*EXERCISE DESCRIPTION*: In the data below, the copy begins at the line containing "Item preview, Captain" and runs through the last line; repeat those lines exactly, minus the pictures.

(SOURCE MATERIAL Opens)

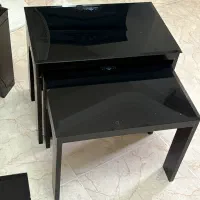 میزعسلی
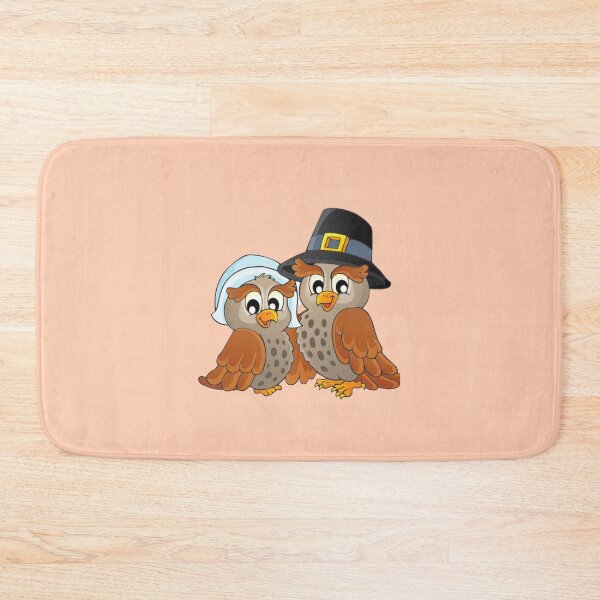 Item preview, Captain owl  are colourful Orange  designed and sold by QUALITY-ZONE.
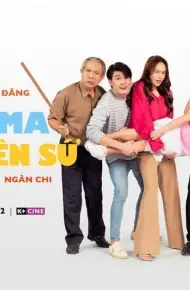 Mẹ Ác Ma Cha Thiên Sứ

(SOURCE MATERIAL Closes)

*YOUR RESPONSE*:
 Item preview, Captain owl  are colourful Orange  designed and sold by QUALITY-ZONE.
 Mẹ Ác Ma Cha Thiên Sứ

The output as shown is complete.